Cela est conforme à la manière dont il faudrait gérer les startups, mais aussi sans doute les entreprises en général si on veut créer des emplois : presque tout est réinvesti dans l’entreprise !
Amazon a plus de dix ans d’existence et toujours beaucoup de créativité !
Le graphique, ci-dessous, montre le chiffre d’affaires semestre par semestre avec le pic des fêtes de fin d’année (courbe noire). On voit aussi le bénéfice qui ne décolle pas (courbe jaune) montrant ce comportement de startup !
(Source Amazon)
Jeff Bezos, le PDG d’Amazon, demande à ses cadres de réinvestir tout ce qui est gagné… car sa stratégie est bien d’écraser la concurrence. Romain Voog, le PDG France, relaie le principe édicté par son patron américain, pour proposer l’offre la plus large et la plus innovante, en anticipant les besoins du client au plus bas prix. Amazon a un comportement de conquérant, elle recrute à tour de bras (18 personnes en moyenne dans le monde par jour), élargit ses métiers de base et ne recule devant aucun investissement.
La logistique d’Amazon est, le plus souvent, entièrement automatisée, les livraisons rapides, le service client intelligent et attentif…tout est fait pour écraser tous les concurrents dans l’œuf ! Tous les employés d’Amazon, PDG compris, passent deux jours par an sur les plateformes d’appels pour comprendre, en les vivant, les vrais problèmes des clients… Les cadres et patrons français ne savent pas souvent le faire ! En France, dans les grandes entreprises, tous les cadres restent à leur place et ne comprennent pas forcément le « vrai monde ».
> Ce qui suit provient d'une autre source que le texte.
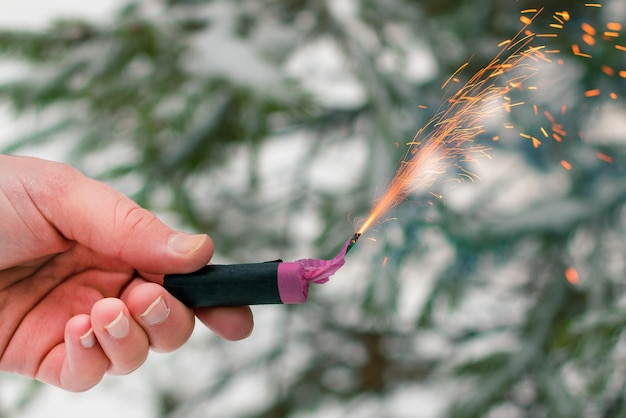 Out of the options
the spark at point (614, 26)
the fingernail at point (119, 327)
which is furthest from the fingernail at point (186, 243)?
the spark at point (614, 26)

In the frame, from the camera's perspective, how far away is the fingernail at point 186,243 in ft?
2.68

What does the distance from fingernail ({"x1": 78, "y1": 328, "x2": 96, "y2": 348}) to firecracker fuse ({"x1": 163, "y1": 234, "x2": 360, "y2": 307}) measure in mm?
155

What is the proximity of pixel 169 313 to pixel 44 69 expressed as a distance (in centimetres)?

Pour écraser ses concurrents, l’expansion d’Amazon se fait verticalement et horizontalement. Par exemple, Amazon a racheté la société Kiva System qui la fournissait en robots et fournissait aussi ses concurrents. Il faut reconnaître que le système est bien pensé pour tout verrouiller et ne pas fournir la dernière technologie aux concurrents.
Amazon, en bonne multinationale américaine, ne paye pas d’impôts en France, elle n’en a pas l’intention. Romain Voog estime que 150 millions d’euros de TVA en 2012, sont suffisants ! De plus, il rappelle que l’impôt sur les sociétés est lié aux bénéfices et non pas au chiffre d’affaires. Et Amazon ne fait pas de bénéfice.
En Europe, le siège a été placé au Luxembourg, donc même si un jour la société fait des bénéfices, la France n’en verra pas la couleur ! L’impôt est de 21% au Luxembourg contre 33 % en France. Il n’y a pas de hasard. De plus, comme beaucoup de multinationales placées au Luxembourg, Amazon pourra toujours facturer à l’établissement français des opérations « conçues et réalisées » au siège qui viendront réduire le bénéfice en France.
Pendant les trente glorieuses et avant la financiarisation des entreprises en France, toutes les sociétés étaient un peu comme Amazon, elles réinvestissaient beaucoup sur leurs fonds propres et elles se plaçaient dans le long terme.
En France, les startups sont souvent pénalisées par trois handicaps majeurs : le faible nombre de “vrais“ business angels compétents et patients, les aides et prêts difficiles à obtenir lorsque les sociétés grossissent et la jungle de l’administration.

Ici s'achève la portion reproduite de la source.